:: Supplied entries ::
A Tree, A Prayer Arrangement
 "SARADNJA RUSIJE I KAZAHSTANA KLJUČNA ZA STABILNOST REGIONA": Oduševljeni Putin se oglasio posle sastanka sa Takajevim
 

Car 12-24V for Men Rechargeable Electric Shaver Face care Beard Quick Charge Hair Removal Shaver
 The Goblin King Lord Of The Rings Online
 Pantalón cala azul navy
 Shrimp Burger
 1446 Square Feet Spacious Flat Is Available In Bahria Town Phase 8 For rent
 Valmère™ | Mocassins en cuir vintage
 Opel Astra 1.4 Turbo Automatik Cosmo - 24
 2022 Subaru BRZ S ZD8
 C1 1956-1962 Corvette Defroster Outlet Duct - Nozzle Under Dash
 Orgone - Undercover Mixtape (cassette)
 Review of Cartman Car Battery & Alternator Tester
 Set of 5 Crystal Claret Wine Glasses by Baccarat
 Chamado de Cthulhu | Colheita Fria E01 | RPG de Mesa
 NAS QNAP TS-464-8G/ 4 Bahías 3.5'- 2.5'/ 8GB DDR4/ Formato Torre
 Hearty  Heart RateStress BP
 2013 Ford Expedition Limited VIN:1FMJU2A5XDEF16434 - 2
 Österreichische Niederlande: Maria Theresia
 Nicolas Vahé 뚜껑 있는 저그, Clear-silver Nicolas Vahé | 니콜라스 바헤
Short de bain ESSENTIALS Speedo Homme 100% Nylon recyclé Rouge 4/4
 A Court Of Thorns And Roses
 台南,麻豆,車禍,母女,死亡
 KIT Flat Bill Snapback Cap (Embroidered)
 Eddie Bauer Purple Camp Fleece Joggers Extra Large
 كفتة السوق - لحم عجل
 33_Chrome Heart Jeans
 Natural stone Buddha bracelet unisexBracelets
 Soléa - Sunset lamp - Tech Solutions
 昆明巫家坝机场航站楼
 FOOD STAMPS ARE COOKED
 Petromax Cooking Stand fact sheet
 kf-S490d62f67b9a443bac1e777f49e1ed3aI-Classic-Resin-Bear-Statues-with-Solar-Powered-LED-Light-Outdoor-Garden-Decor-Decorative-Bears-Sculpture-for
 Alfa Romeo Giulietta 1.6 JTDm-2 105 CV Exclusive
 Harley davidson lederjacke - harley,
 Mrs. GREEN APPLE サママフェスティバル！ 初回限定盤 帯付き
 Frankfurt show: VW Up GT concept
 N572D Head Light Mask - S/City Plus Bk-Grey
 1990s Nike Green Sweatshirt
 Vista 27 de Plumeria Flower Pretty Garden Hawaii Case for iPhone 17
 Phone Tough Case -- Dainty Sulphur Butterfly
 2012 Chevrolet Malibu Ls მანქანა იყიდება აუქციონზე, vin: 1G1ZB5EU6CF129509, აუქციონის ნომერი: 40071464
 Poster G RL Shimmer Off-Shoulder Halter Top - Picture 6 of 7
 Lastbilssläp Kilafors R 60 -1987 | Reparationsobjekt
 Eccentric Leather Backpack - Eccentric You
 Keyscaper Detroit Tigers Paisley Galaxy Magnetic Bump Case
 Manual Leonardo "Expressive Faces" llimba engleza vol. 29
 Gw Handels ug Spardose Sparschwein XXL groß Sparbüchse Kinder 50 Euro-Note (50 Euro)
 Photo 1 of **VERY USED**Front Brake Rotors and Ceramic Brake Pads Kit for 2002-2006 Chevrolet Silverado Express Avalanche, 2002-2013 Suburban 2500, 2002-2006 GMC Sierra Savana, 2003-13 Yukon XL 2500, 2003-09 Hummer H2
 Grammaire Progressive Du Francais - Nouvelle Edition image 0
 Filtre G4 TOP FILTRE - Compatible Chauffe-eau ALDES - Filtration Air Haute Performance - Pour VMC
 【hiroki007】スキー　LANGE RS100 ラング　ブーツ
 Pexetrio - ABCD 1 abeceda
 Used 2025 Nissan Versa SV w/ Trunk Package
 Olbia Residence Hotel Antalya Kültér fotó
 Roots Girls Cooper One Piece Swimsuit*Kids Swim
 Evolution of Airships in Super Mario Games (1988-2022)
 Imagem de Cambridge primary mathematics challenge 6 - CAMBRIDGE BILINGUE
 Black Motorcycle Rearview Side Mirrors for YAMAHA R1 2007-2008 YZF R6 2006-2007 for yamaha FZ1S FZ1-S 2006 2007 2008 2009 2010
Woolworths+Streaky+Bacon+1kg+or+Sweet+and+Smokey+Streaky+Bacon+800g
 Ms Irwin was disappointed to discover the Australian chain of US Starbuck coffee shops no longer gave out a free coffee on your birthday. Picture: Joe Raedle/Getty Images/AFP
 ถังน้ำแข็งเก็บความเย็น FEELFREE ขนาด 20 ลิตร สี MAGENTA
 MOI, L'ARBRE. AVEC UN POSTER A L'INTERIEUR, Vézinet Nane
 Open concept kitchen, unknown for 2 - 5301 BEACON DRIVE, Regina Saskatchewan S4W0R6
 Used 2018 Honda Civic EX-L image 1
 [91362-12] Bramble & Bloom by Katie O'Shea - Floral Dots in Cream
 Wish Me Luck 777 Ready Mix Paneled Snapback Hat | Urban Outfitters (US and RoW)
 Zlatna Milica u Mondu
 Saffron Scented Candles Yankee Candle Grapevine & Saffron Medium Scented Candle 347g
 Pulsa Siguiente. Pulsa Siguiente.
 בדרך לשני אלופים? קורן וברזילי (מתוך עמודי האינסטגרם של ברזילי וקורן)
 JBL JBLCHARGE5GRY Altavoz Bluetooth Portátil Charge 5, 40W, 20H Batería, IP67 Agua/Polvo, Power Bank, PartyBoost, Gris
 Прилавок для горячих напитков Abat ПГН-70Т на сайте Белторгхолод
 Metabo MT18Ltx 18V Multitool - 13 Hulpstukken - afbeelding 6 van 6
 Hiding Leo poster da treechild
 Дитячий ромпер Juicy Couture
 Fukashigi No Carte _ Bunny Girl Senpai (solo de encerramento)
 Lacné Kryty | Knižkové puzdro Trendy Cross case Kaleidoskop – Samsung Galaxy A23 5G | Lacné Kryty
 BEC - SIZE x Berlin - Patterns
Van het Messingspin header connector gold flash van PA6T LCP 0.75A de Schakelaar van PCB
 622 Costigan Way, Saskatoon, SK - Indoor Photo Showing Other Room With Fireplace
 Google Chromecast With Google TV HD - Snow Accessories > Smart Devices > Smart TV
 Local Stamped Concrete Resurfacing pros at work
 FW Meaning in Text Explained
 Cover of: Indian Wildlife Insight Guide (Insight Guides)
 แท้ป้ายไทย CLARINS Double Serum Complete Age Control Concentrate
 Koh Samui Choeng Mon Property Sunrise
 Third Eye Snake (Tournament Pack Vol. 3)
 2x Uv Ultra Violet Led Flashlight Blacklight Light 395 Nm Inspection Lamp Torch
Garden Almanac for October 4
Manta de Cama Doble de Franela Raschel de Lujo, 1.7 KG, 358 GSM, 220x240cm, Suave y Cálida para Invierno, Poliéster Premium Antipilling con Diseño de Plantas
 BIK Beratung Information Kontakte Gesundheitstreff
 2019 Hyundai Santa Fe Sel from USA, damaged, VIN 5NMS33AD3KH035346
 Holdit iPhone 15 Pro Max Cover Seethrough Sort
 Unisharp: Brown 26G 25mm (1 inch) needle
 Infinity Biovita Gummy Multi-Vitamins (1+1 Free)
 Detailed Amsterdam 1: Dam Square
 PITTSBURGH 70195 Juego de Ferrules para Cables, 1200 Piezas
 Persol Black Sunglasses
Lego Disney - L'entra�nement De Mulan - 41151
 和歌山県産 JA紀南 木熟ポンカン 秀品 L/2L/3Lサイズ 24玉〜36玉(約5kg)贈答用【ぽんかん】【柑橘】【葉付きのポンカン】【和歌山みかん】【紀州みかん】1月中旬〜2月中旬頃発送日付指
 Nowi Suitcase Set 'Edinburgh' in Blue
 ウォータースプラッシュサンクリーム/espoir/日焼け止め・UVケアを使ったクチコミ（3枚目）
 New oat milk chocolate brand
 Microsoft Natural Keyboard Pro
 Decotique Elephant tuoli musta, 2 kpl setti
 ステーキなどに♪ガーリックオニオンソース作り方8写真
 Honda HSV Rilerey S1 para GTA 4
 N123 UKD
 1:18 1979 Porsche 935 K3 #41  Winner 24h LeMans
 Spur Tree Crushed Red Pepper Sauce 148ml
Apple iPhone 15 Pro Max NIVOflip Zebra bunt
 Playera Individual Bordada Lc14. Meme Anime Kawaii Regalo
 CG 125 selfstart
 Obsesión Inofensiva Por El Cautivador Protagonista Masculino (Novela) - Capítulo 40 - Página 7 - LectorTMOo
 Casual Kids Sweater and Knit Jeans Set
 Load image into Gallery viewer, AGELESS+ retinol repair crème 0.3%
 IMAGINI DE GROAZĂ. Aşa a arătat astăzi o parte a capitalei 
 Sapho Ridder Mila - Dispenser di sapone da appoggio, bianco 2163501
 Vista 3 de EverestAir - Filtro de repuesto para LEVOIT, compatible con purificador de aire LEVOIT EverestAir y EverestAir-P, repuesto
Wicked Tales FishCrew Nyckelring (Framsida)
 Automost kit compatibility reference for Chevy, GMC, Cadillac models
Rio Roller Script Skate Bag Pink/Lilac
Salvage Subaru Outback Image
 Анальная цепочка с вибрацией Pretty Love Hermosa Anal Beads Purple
:::
#### What this task involves
Starting at the line that contains "Persol Black Sunglasses" and stopping after the line that contains "CG 125 selfstart", write out every line exactly as it appears above, and no other line.

#### Output
 Persol Black Sunglasses
Lego Disney - L'entra�nement De Mulan - 41151
 和歌山県産 JA紀南 木熟ポンカン 秀品 L/2L/3Lサイズ 24玉〜36玉(約5kg)贈答用【ぽんかん】【柑橘】【葉付きのポンカン】【和歌山みかん】【紀州みかん】1月中旬〜2月中旬頃発送日付指
 Nowi Suitcase Set 'Edinburgh' in Blue
 ウォータースプラッシュサンクリーム/espoir/日焼け止め・UVケアを使ったクチコミ（3枚目）
 New oat milk chocolate brand
 Microsoft Natural Keyboard Pro
 Decotique Elephant tuoli musta, 2 kpl setti
 ステーキなどに♪ガーリックオニオンソース作り方8写真
 Honda HSV Rilerey S1 para GTA 4
 N123 UKD
 1:18 1979 Porsche 935 K3 #41  Winner 24h LeMans
 Spur Tree Crushed Red Pepper Sauce 148ml
Apple iPhone 15 Pro Max NIVOflip Zebra bunt
 Playera Individual Bordada Lc14. Meme Anime Kawaii Regalo
 CG 125 selfstart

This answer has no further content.